Ein bisschen mehr Optimismus darf schon sein – denn viele junge Menschen wissen Folgen und Grenzen ihres Medienkonsums durchaus einzuschätzen. © Christin Klose/dpa

Wenn eine junge Generation sich Sorgen macht um die noch jüngere - ein ermutigendes Gespräch. Die Kolumne „Times mager“.

Die ältere Generation macht sich ja gern (bzw. ungern, aber eben häufig) Sorgen um die jüngere. Neben Umgangsformen, Frisuren, Tätowierungen und englisch klingenden Jugendwörtern steht dabei meist die Nutzung elektronischer Geräte unter besonderer Berücksichtigung der Informationsbeschaffung im Vordergrund, kurz zusammengefasst: Die klauben sich ihre Nachrichten aus dubiosen Quellen zusammen, bewegen sich nur in ihrer Blase, und bei mehr als fünf Zeilen Text brechen sie schon zusammen bzw. ab.

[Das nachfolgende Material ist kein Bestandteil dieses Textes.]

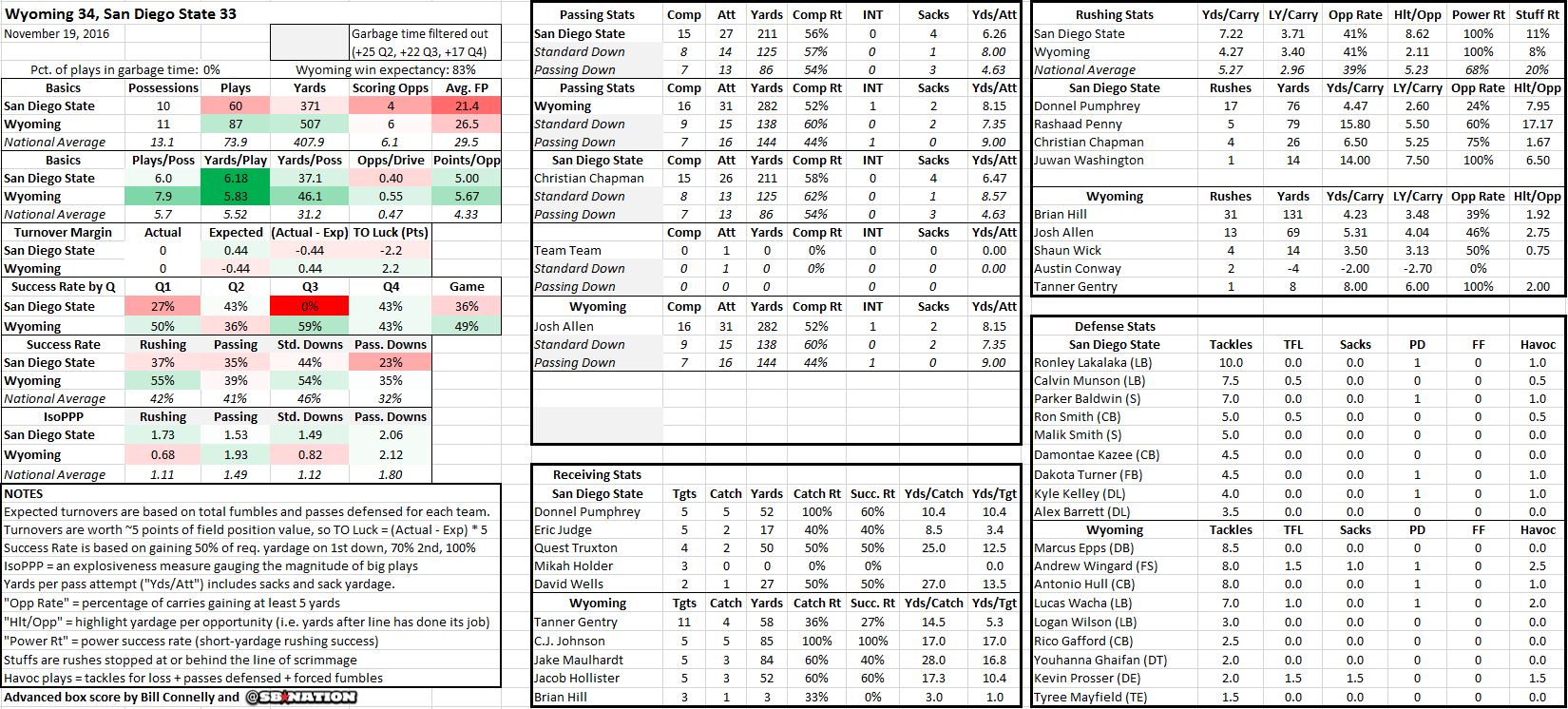 2016 San Diego State advanced statistical profile Football Study Hall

Den Personen, die jüngst zum Gespräch zusammenfanden, lag dieser polemische Umgang mit den Nachfolgenden absolut fern, aber Sorgen machten sie sich schon: Wir, sagte einer, haben ja noch gelernt, uns vor Fake News zu schützen, Quellen kritisch zu hinterfragen und auch mal einen längeren Artikel zu lesen. Aber die nächste Generation, fuhr er fort, da sei schon die Frage, ob die das überhaupt noch lernt.

Das Schöne daran: Mit der nächsten Generation meinte der Sprechende, so führte er aus, „die heute vielleicht Achtjährigen“. Mit den Älteren, um die man sich weniger Sorgen machen müsse, war dagegen die Mehrheit der Teilnehmenden gemeint: ein Klassenraum voller Abiturientinnen und Abiturienten. Menschen so etwa im Alter zwischen 17 und 19 Jahren.

Ist das nicht schön? Liebe kulturpessimistische Großeltern: Wenn Ihre Nachkommen zweiter Ordnung sich schon Sorgen um die Jüngeren machen, dann ist ihnen das Problem vielleicht bewusster, als Sie, die Älteren, denken. Deshalb seien Sie bitte so freundlich und erlauben sich ein bisschen Optimismus. Ein paar Jahre noch, dann mag aus dem Abiturienten ein Lehrer geworden sein, und der wird schon wissen, wie er den Achtjährigen das seriöse Lesen beibringt.

Noch etwas kam aus dem Abi-Kurs, nämlich diese Frage: Wenn man sich seriös informiert und von morgens bis abends all die Krisen der Welt zur Kenntnis nimmt, ob als Journalist oder nicht, wie soll man das ertragen? Die Antwort, entstanden aus dem ermutigenden Gespräch der Generationen: Es gibt ein Recht auf Erholung vom Elend, auch für diejenigen, die sie sich leisten können, weil sie nicht selbst im Elend leben. Es gibt dieses Recht, weil die Auszeit vom Konsum schlechter Nachrichten die Kräfte wieder aufbaut, die für die Pflicht gebraucht werden, etwas gegen das Elend zu tun, in dem andere leben.

Liebe Großeltern, fragen Sie mal in der Schule, ob Sie dabei sein dürfen, wenn ein Abi-Kurs ein gelingendes Gespräch über ernsthafte Dinge führt, angeregt durch eine Lehrerin, die ihnen perfekt dabei hilft, weil sie etwas eigentlich Einfaches tut: sie ernstzunehmen.